Stevo Pendarovski – University American College – Skopje

It is probably true that each nation has more that one “Munich”. Clear winners usually do not emerge whenever and wherever life and death meet each other. But, understood as a crossroad of politics and morality, this kind of events has potential to turn inward the face of the nation. Who and when is authorized to apply controversial principle “an eye for an eye” in a world being more and more laid upon the global rules and mutual solidarity?

In democracies Government has upper hand over the intelligence, but, some of later consider (or even act) to obtain prime influence. Honestly: is it possible to merge two different organizational cultures of “shadowy” and “sunny” poles of the world, ones of Governments and secret services? Who in essence creates policy and tailors national interests: first group of people with undisputed electoral legitimacy or latter one, which is put in power by the former?

What if “impossible” happens: political leader and intelligence chief fully agree on the content of retaliation having in mind the same set of values? It might be a difficult guess on the kind of values which reside in the minds of Iranian Grand Ayatollah and the boss of notorious paramilitary organization Basij? Will their reaction in urgency be in compliance with the globally accepted civilization norms, when two years ago they have been opposed to the half of their own population?

Media plurality and political interests make the danger of treating both sides (terrorists and law-enforcement agencies) as morally equal, to be very realistic. But, much more important is the question: in a fragmented world what is supposed to be a response of the post-modern citizens against the barbaric acts of the pre-modern ones? Robert Copper in 2000 said that applying proper instruments should be the order of the day, when contemplating the use of force as a last resort. Nevertheless, how many people are ready to accept this principle a decade later?
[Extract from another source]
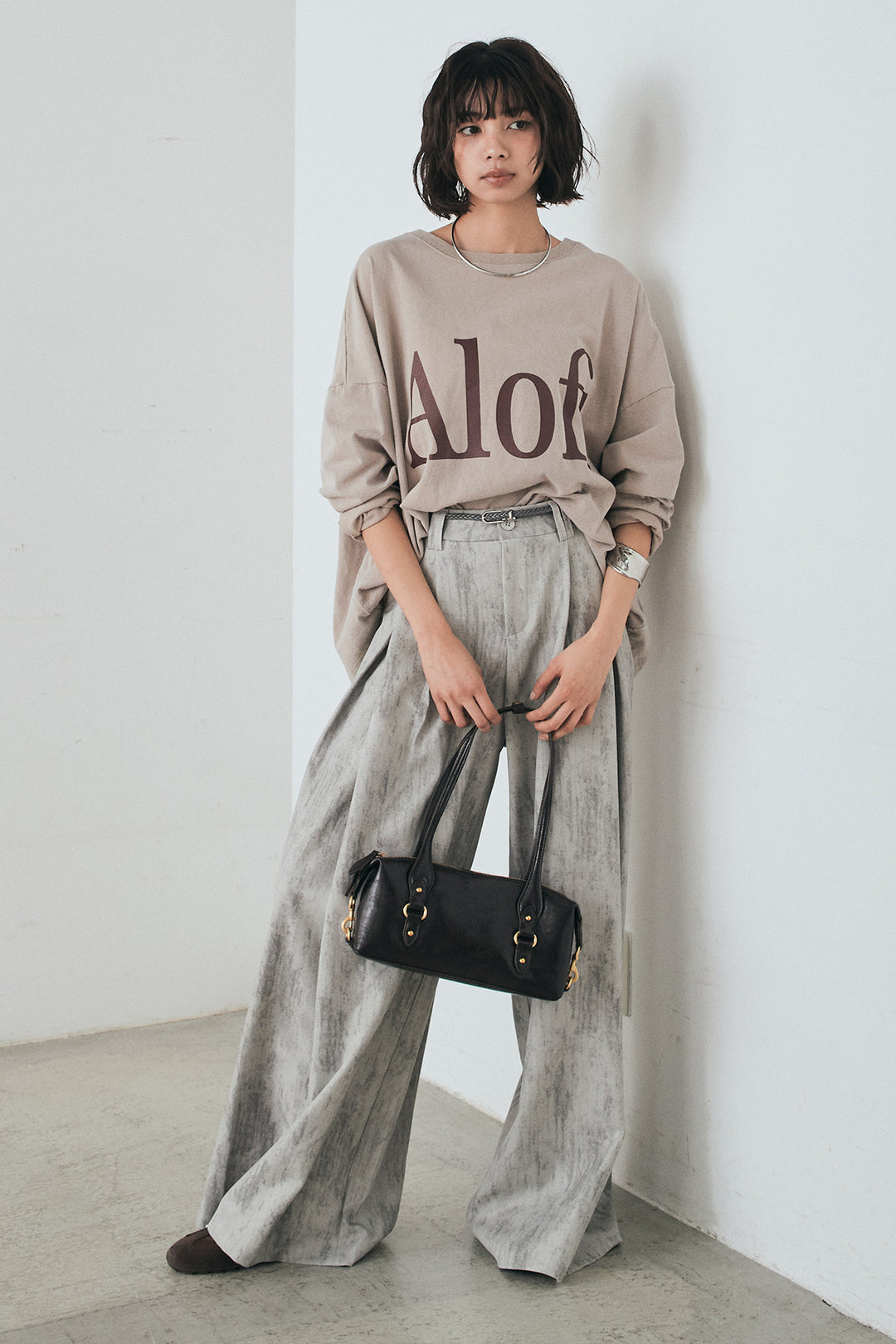 [SET]裾センタードロストロゴプリントワイドTシャツ+紐ベルト付きかすれ柄ワイドスラックス(2set)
Media exposure of terrorist acts and anti-terrorist activities alike should be wisely balanced not to install fear among the average viewers or promote evil people as role models for the wider audience, thus helping recruitment process of youngsters. Unfortunately, TV dramas of this kind are business as usual: prejudices recycled, stereotypes sustained, good people praised, bad people punished. What is wrong with the last two points? Nothing, but the passports of those people. Good characters are always members of our nation, since we routinely avoid having anything in common with the nasty boys. They are anyhow coming from the “different and distant” cultures.